China unveils combat drone twice as fast as model used in Russia-Ukraine war

Company representatives behind the combat drone told media at the conference that this UAV is a high-speed attack drone and can become part of the combat gear of a single soldier.

A Chinese manufacturer unveiled a new type of combat drone at a recent industrial conference in Mianyang, a city of the southwestern Sichuan Province.

The drone, whose name wasn’t revealed in media reports, is said to be capable of application including reconnaissance and strike.

Visitors to the 2o23 China Tech City UAV Industry Conference, which ran from September 26 to 27, found the drone to be about as large as a DJI Mini model.

Nonetheless, the FPV (first-person view) combat drone can fly 174 kph, twice as fast as the conventional quadcopter.

Screenshot from CCTV reports

DJI’s FPV drone has a maximum speed of 100 kph, while its Phantom 4 variant, now widely adopted by both Russian and Ukrainian troops in their confrontation, is clocked at 72 kph.

The combat drone, whose producer was not named in the media reports, has a MTOM (maximum take-off mass) of 1.8kg, giving the gadget sufficient agility in action.

Its flight endurance is 30 minutes, the reports added.

Company representatives behind the combat drone told media at the conference that this UAV is a high-speed attack drone and can become part of the combat gear of a single soldier.

It is able to perform reconnaissance missions and also carry out suicide attacks, when equipped with munitions and explosives.

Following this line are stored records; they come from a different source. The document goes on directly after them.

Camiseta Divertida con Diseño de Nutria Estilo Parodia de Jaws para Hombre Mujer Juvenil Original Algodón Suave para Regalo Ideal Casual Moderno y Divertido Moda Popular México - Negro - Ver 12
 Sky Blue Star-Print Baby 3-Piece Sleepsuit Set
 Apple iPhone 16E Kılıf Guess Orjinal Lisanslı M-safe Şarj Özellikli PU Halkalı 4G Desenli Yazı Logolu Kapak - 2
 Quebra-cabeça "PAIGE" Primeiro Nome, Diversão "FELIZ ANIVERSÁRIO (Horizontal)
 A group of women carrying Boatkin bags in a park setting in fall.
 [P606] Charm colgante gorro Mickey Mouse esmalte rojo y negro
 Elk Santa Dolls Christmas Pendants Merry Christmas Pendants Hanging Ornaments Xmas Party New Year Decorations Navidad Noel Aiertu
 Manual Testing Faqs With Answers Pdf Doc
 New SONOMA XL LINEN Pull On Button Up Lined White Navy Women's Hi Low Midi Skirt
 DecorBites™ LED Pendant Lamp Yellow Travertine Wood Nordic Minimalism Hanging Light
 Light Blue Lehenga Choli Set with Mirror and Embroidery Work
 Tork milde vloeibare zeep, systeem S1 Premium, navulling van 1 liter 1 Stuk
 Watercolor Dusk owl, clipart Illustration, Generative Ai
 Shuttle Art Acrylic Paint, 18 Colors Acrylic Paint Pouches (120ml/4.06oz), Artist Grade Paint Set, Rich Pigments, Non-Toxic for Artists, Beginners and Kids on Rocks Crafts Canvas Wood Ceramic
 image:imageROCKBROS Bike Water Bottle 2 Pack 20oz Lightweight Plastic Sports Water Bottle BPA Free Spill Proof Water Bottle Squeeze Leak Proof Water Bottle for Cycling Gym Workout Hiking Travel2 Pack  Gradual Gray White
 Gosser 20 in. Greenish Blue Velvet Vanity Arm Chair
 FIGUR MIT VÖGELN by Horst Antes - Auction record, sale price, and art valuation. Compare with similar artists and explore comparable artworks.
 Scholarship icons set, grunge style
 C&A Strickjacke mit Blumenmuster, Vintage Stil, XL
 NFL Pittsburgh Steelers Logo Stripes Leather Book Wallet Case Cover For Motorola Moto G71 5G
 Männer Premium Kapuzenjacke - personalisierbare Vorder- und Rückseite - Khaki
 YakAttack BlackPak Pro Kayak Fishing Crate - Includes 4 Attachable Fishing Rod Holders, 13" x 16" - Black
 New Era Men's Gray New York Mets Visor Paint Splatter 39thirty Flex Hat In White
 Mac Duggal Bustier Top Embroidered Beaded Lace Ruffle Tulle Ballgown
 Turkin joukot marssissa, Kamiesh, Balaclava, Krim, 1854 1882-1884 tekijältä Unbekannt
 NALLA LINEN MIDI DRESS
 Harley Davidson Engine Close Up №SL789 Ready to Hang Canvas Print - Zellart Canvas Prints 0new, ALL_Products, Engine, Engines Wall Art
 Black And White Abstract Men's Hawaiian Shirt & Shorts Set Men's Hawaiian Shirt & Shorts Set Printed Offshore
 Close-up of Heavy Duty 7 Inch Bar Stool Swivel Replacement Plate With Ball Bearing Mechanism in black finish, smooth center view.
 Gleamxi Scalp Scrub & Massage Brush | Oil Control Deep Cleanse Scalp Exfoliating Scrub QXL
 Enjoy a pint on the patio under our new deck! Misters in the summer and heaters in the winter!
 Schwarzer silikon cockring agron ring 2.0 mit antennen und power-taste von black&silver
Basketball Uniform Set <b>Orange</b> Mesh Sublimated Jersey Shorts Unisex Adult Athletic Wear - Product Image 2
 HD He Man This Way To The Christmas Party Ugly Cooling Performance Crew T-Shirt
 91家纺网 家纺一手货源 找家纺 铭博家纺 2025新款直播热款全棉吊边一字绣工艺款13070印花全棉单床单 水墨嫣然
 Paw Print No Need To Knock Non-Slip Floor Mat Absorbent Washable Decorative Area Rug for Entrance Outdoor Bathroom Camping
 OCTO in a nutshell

The drone carries up to 500 grams of TNT explosives. It is easy to carry around and can fit into a backpack in a group of four.

Screenshot from CCTV reports

During the Russia-Ukraine war, armed forces from both sides have turned to drones of varying sizes to track objectives, gather intelligence, identify targets for ground or air artillery fire, and launch strikes against high-value targets.

Concerns about the growing use of drone in a fatal way prompted China to slap restrictions on domestic manufacturers to ship drones and accessories abroad, especially to conflict zones.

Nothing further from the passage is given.